Cost Model: Where The Bills Come From
Durable functions charge around Lambda execution and durable operations. Step Functions Standard charges per state transition, while Express charges per request and duration. That difference changes architecture.
For a workflow that waits 24 hours and does three pieces of work, durable functions can be very clean: run a step, checkpoint, wait without compute charges, resume later, run the next step. Step Functions Standard can also wait for long periods without paying for compute, but you pay for state transitions rather than the wait duration. Both can be economical.
For a workflow with hundreds of tiny state transitions, Step Functions Standard state-transition cost becomes visible. For a workflow with many small durable operations, durable-operation charges and checkpoint data writes become visible. There is no universal cheaper option.
The right cost review asks:
| Cost driver | Durable Functions question | Step Functions question |
|---|---|---|
| Steps | How many durable operations are created per execution? | How many state transitions happen, including retries? |
| Waiting | Are waits suspending compute properly? | Is Standard or Express the right workflow type? |
| Payloads | How much data is written into checkpoints? | How large is state input/output and execution history? |
| Retries | Are retries bounded and idempotent? | Do retries multiply transitions unexpectedly? |
| Fan-out | Are maps creating too many checkpoints? | Should Distributed Map or batching be used? |
| Logging | Are full payloads being logged? | Are execution histories and CloudWatch logs retained appropriately? |
If you need a simple rule: model cost per execution before choosing. A workflow diagram without an execution-count and retry-count estimate is not enough.
Replay Is Powerful, But It Is Not Free
Replay is the durable-functions superpower and the main source of bugs.
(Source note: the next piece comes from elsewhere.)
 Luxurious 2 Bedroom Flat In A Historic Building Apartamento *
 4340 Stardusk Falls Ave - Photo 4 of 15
During replay, your handler runs again. That means any non-durable side effect outside a step can happen again unless you prevent it. Printing a log line twice is annoying. Charging a card twice is unacceptable.
Bad replay code looks like this:
@durable_execution
def handler(event, context):
charge_card(event["payment"]) # unsafe during replay
context.wait(Duration.from_minutes(5))
send_receipt(event["email"]) # unsafe during replay
Better code wraps side effects in durable steps:
@durable_execution
def handler(event, context):
payment = context.step(
lambda _: charge_card(event["payment"]),
name="charge-card",
)
context.wait(Duration.from_minutes(5))
context.step(
lambda _: send_receipt(event["email"], payment["id"]),
name="send-receipt",
)
Also avoid changing operation names casually. Names become part of the checkpoint story. If you rename charge-card to authorize-payment during a running execution, the replay path may no longer match what the execution history expects. Treat durable operation names like state names in Step Functions: stable, reviewed, and migrated carefully.
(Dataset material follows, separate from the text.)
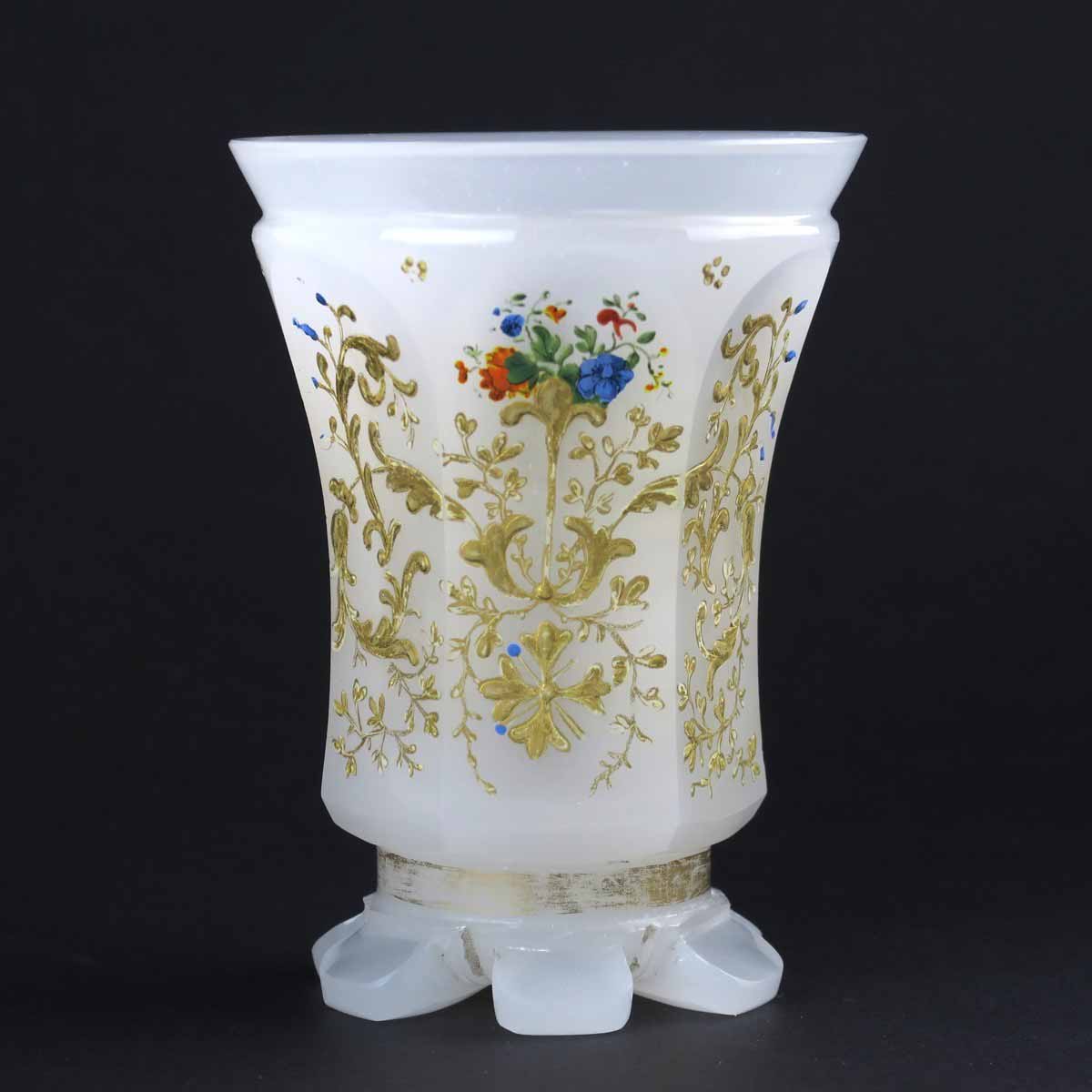 Biedermeierová číše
This is where Step Functions can be safer for some teams. A state machine definition makes state names and transitions explicit. It is harder to accidentally put a side effect “between states” because the definition is the workflow. With durable functions, the code is the workflow. That is more ergonomic for developers and more demanding for reviewers.
Where Step Functions Still Wins
Step Functions remains the better tool when orchestration is a platform concern.
First, it has native service integrations. AWS documentation describes Step Functions as orchestrating over 14,000 API actions from over 220 AWS services in the context of enhanced TestState local testing. That breadth matters. If your workflow calls Lambda, DynamoDB, ECS, EventBridge, Glue, Bedrock, SNS, SQS, and human approval tasks, a state machine may remove a lot of glue code.
Second, it has a visual execution model. Operations teams can open an execution and see where it is stuck. That is hard to beat during incidents. Developers can do similar observability for durable functions, but they have to build discipline around logs, metrics, execution IDs, and tracing.
Third, Step Functions is a clean resource boundary. A platform team can own the state machine, version it, attach IAM policies, test it, and expose it to application teams. Durable functions are owned with the Lambda function code. That may be perfect for one product team and wrong for a shared business process.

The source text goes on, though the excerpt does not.